Hunters and gatherers depend on natural resources to survive. These resources are free and cannot be claimed by any individual, thus in the natural habitat of the hunters and gatherers the custom of sharing is a natural act to them. Farmers on the other hand, are more independent limited to their piece of land and the grain that they have. They survive on what they own and can not lay claim to anything growing in the next plot. This in turn limits their means of livelihood. Based on the fact that farmers are limited to stay at their farming area they cannot enjoy everything that nature has to offer. This limitation of the food they can consume does not amount to supremacy over the hunters and gatherers, indeed it is inferiority.

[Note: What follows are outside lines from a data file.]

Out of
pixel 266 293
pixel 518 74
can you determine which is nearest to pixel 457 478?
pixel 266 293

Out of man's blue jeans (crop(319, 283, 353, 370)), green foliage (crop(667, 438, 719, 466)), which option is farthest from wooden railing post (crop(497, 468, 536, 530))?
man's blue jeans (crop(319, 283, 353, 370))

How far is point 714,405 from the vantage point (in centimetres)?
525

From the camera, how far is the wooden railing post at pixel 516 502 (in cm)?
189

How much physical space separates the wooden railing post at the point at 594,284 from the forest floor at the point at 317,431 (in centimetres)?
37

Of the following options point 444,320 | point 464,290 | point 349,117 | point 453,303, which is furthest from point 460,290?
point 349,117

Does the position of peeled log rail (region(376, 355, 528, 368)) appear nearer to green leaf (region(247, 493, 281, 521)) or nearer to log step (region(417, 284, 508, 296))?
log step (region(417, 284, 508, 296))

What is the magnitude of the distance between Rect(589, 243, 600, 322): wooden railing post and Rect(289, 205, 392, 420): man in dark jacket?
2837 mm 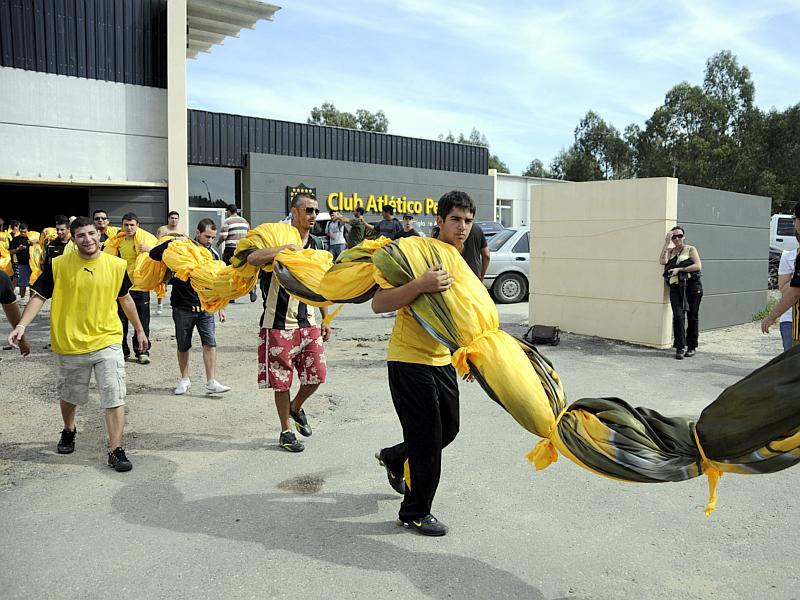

The division of labour in a hunters and gatherers society is based on sex that is male and female. Men are normally tasked with hunting while women are involved in gathering. It is important to note that these activities are not labour intensive. This is to say that once a hunter has acquired something to eat; they will only go out to hunt again once the food is finished. Farmers on the other hand live a very troubled life. This is because they are not in control of so many factors that come into play with regards to the food they have harvested or are due to harvest or even to plant. This makes the life of hunters and gatherers more fulfilling.